Board member Joerg Asmussen announced to a German business daily that the European Central bank (ECB) intends to back up the euro zone’s firewall by fusing whatever is left of its temporary bailout facility with its permanent fund. Eurogroup President Jean-Claude Juncker raised the suggestion of having the euro bloc to add up the remaining deposits in the European Financial Stability Facility with the 500 billion euros ($658.15 billion) that is purportedly intended for the European Stability Mechanism to form a super-fund. “In this way, we could reach 750 billion euros,” Asmussen told the Financial Times Deutschland, emphasizing the ECB’s motive in providing support.

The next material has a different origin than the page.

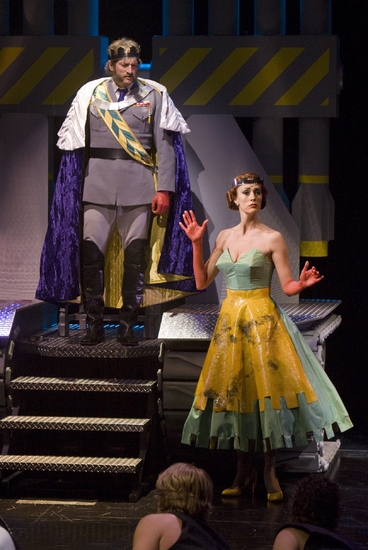 Photo Flash: PIPPIN at LA's Market Taper Forum Image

However, other countries involved in the crisis reported that Germany – Europe’s largest economy and main paymaster – would only go to that extent provided that the bloc’s firewall is indeed in serious peril. At the same time, euro zone finance ministers have united to the idea of revaluating the sufficiency of the euro bloc’s bailout funds in March. Reiterating the pessimism of Mexico’s Finance Minister Jose Antonio Meade, Asmussen said that there might be the probability of having the Group of 20 finance ministers in coming up with the decision to supercharge International Monetary fund resources in Mexico City later this month. “Many non-European G20 states expect the Europeans to first build their own firewall and raise it, rather than other funds flowing into it again from outside Europe,” Asmussen said. He also added: “Maybe we can decide on additional IMF funds at the IMF spring meeting in April.”
The United States and Canada have given their stand regarding to committing extra funding to the IMF only if Europe has already taken the initiative to do more, starting with the announcing of new blueprints to take on the current crisis. It has been estimated that a funding of $600 billion is needed to impede the fallout from the crisis. Asmussen lashed out on growing economies for hoarding foreign reserves. He also added that the world is now heading to a multi-polar currency system, with the US dollar remaining the main player to majority of transactions, followed by the euro and sometime in 2030, the Chinese currency.

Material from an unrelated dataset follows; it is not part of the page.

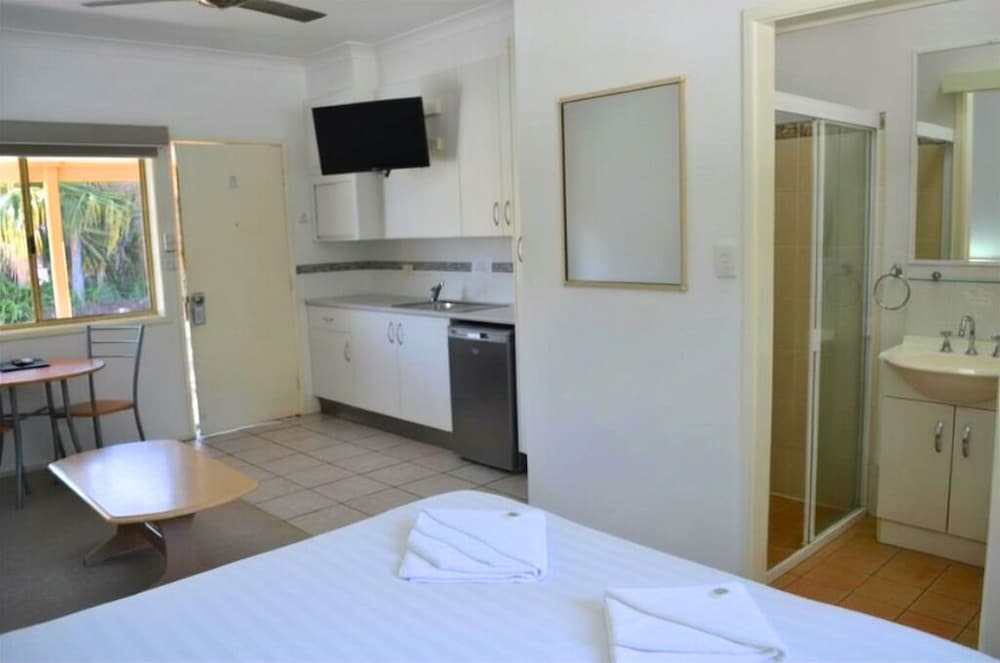 YAMBA MOTOR INN 23/62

But Asmussen was quick to add that the Chinese Yuan could only be of greater significance in the international market if only the country made its currency to be more flexible. “This would require a reform of the Chinese banking sector and financial system,” he said. China has long been urged to allow its currency to float on the foreign exchange markets since this has been viewed to give it a raw edge in boosting exports.